Supply side revisited: Bush wants to cut taxes by $483 billion over five years, a return to the supply-side notions of the Reagan years. He also wants to simplify the federal tax code and lower marginal tax rates to 10, 15, 25 and 33 percent.

What surplus? Skeptical about the rosy economic forecasts, McCain wants a tax cut about half the size of Bush’s. He also says we should devote much of the current surplus to Social Security and use future surpluses to reduce the national debt.

Photo: (no caption) Bradley, Gore, Bush, McCain

WHO GETS THE CREDIT?

What’s economics without competing theories? Here are some differing views on what drove the huge expansion:

Alan Greenspan: The Fed chairman has become a celebrity, and deservedly so. He’s worked to tame inflation and calibrated interest rates to help weather storms like the Asian crisis. Take a bow, Al. Now get back to work. This economy may be overheating.

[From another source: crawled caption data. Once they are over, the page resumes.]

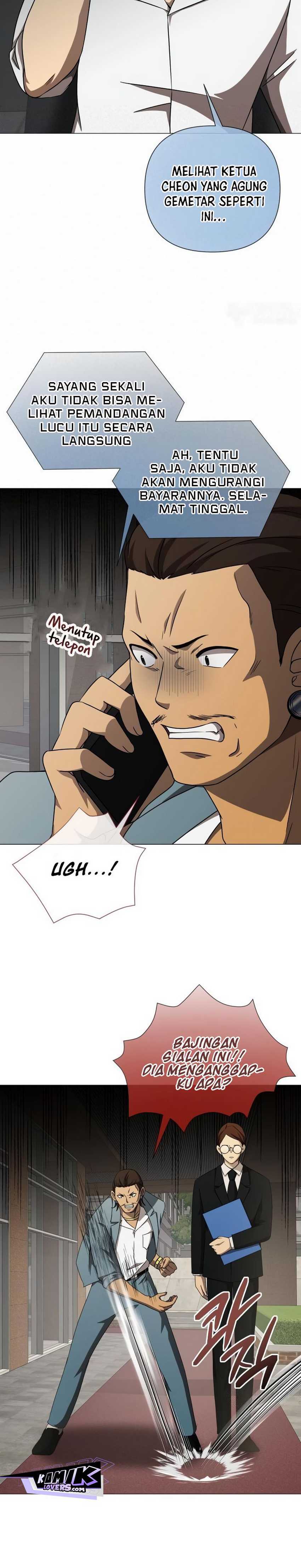 Return of the SSS-Class Demon Lord Chapter 27 bahasa Indonesia Gambar 7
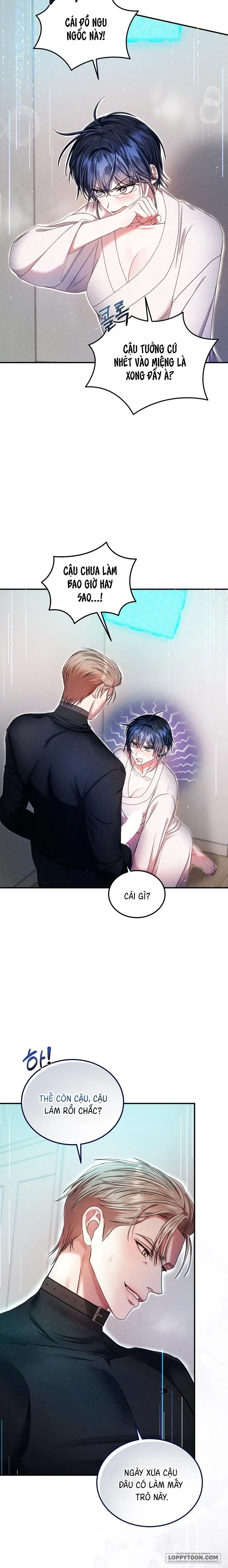 Lời Nguyền Thì Thân Thiện, Thanh Mai Trúc Mã Thì "Ngon" - Chap 2 - Trang 19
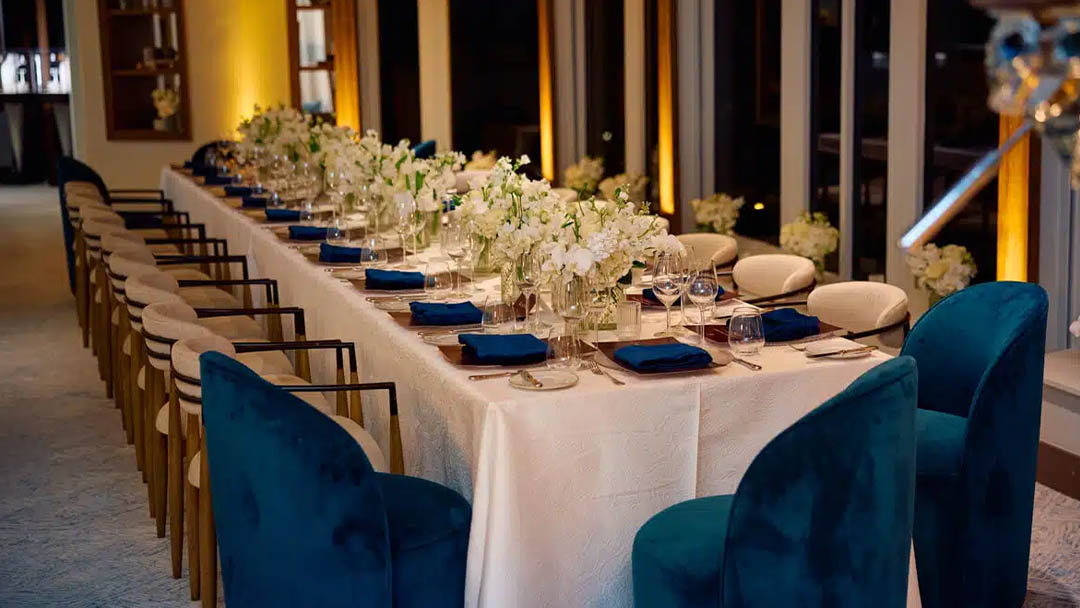 Premiere Napa Valley, with a Parisian Influence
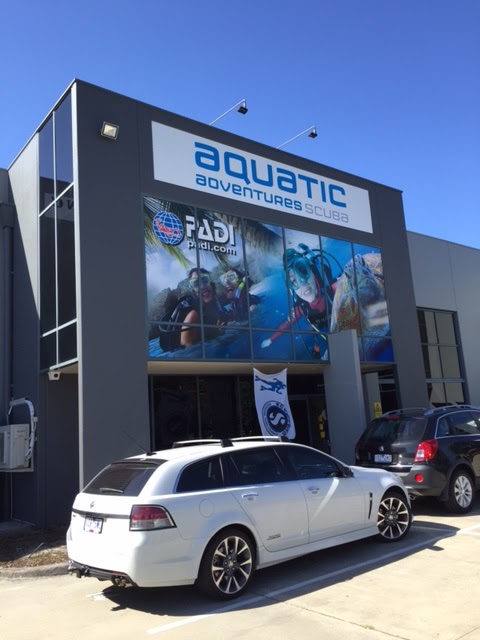 Aquatic Adventures | 14/899 Wellington Rd, Rowville VIC 3178, Australia | Phone: (03) 9755 5688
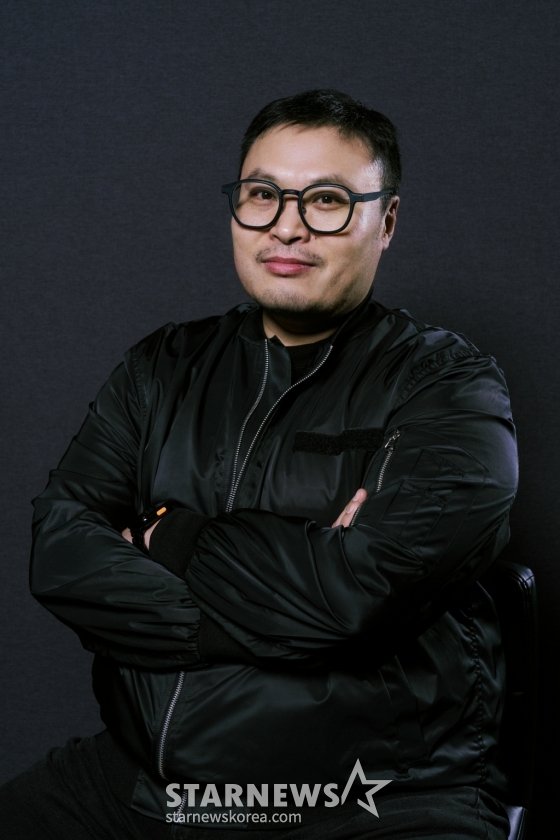 강풀 작가 '조명가게' 많이 사랑해주세요![★포토] : 네이트 연예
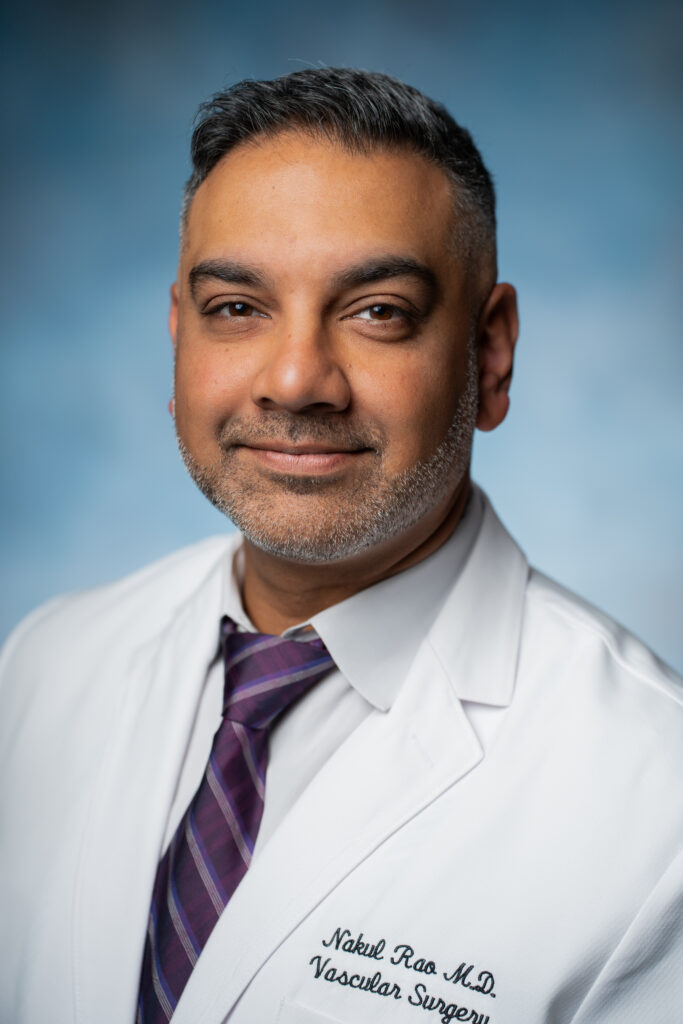 Nakul Rao, MD
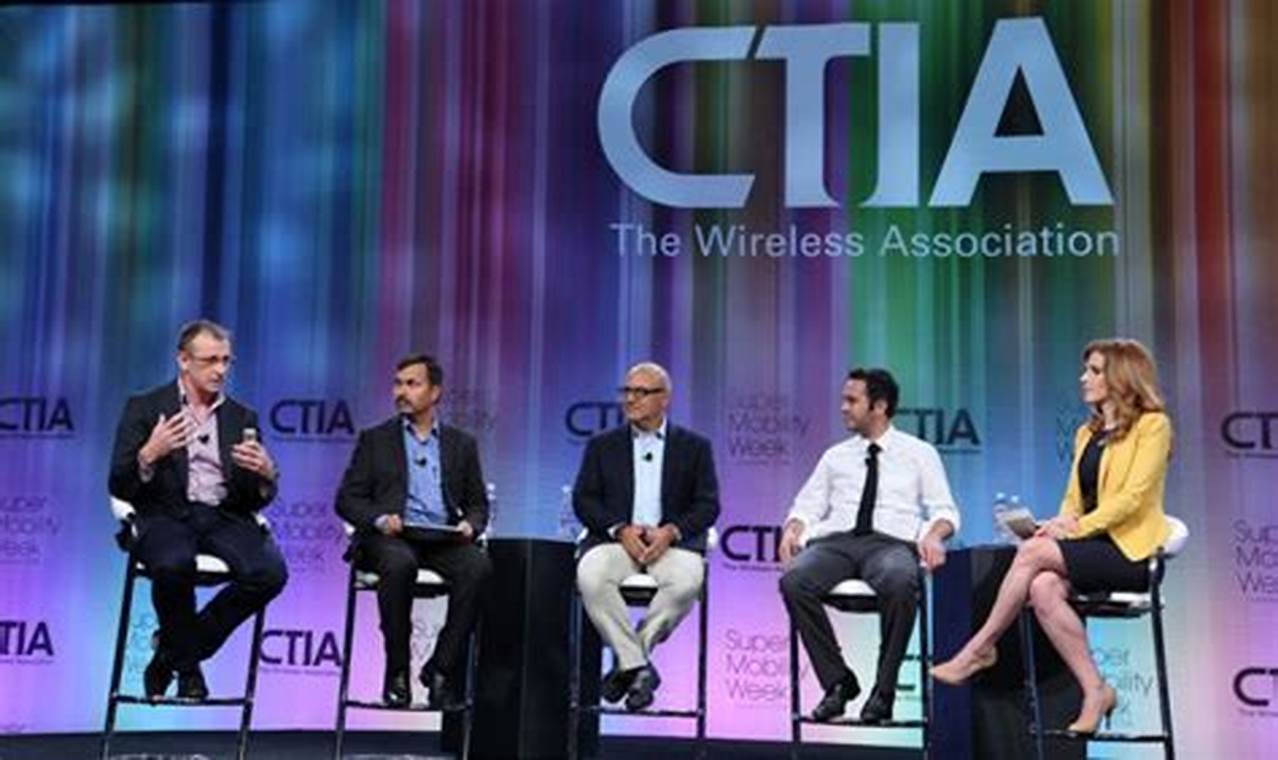 Ctia Show 2024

The New Economy: Corporate America is a lot more efficient, for a host of reasons. New technology, for one. The tight labor market has forced companies to be more productive, as have impatient shareholders and global competition.

The Presidents: Clinton, Reagan and Bush deserve some credit as well. They focused on deficit reduction, deregulated such industries as financial services and pushed for freer trade with foreign governments.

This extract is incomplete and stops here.